Note: The `../` prefix is not required if the database is in the same directory as the notebook.
The pipeline process entailed above can be better understood with the following diagram:
## Dashboard Structure
You can find the Jupyter notebook with the Voilà app [here](https://github.com/ploomber/sql/blob/voila_app/pipeline/src/voila-app.ipynb). The dashboard also uses custom helper scripts:
- See [`menu.py`](https://github.com/ploomber/sql/blob/voila_app/pipeline/src/menu.py)
- See [`dashboard.py`](https://github.com/ploomber/sql/blob/voila_app/pipeline/src/dashboard.py)

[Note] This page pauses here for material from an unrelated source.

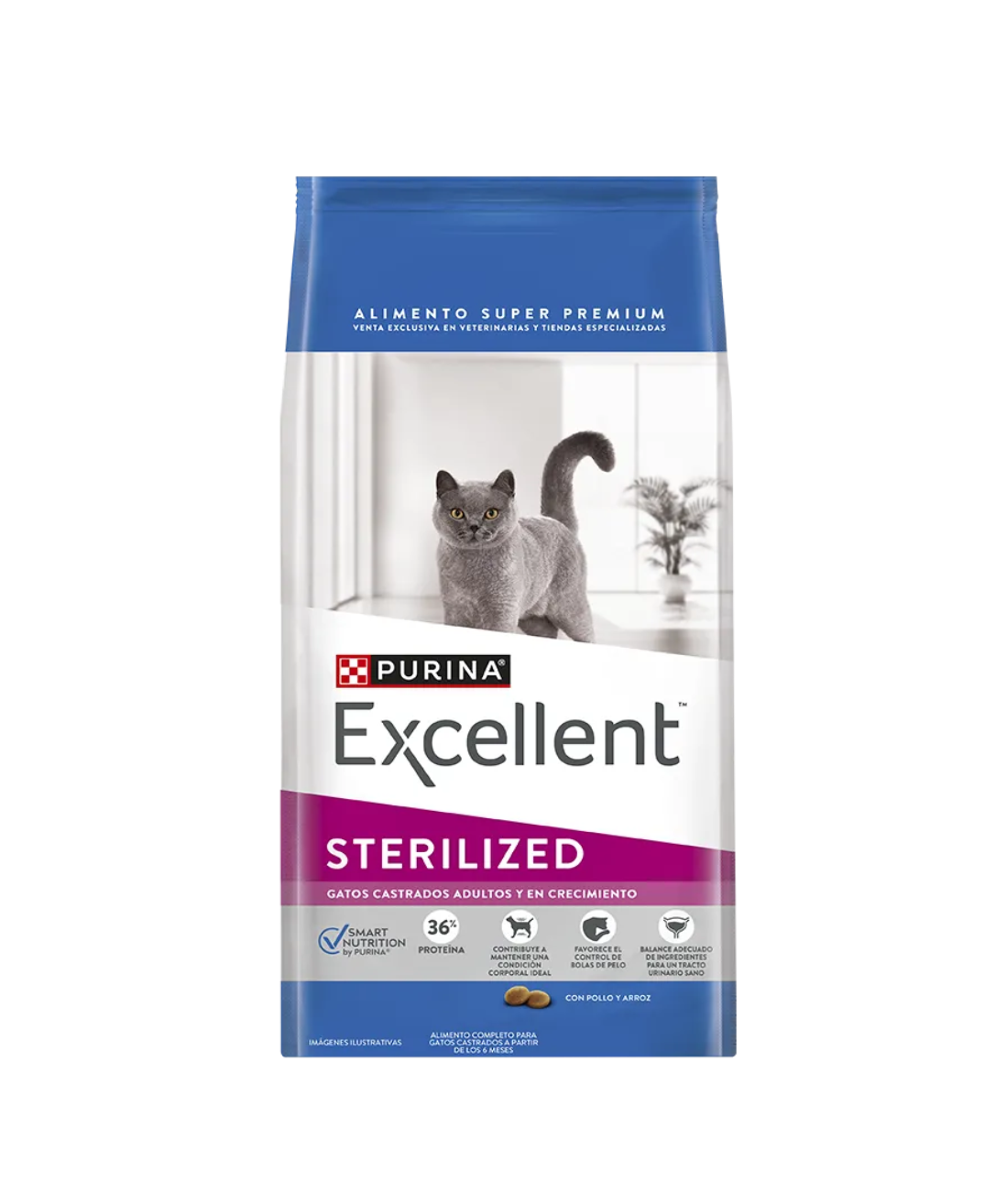 Excellent Gato Esterilizado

### Introduction and Tables
The dashboard, firstly, needs to have a relevant title and description for the user to understand what the dashboard is about. The date the fuel emissions data was last updated is also displayed because the data is updated monthly and, accordingly, the tables and visualizations may have novel insights since the last update. Next, we display the interactive table, integrated with `ipywidgets` and outputted from our ETL Pipeline, to allow the user interact with numerical and categorical columns in each table (`fuel-only`, `hybrid`, and `electric`). The user can, hence, begin the EDA process by filtering columns to find interesting patterns and relationships.

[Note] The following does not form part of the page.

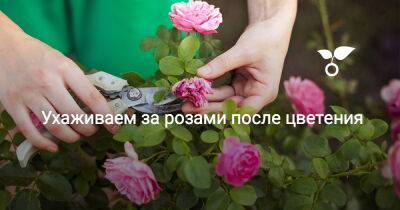 Ухаживаем за розами после цветения - botanichka.ru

Specifically, `SelectMultiple`, `Dropdown`, and `Combobox` widgets are employed to filter categorical columns, including the car's fuel type, size, model, and model year. Note that `Combobox`, which is a [String widget](https://ipywidgets.readthedocs.io/en/stable/examples/Widget%20List.html#combobox), was not introduced earlier in the course and we recommend taking a look at its documentation. The $CO_2$ ratings column (a higher rating suggesting lower $CO_2$ emissions) can also be filtered with the `IntSlider` widget. The aforementioned widgets and table are shown below:
The code below is used to create the widgets and table. Press 'Show code source' to view the code.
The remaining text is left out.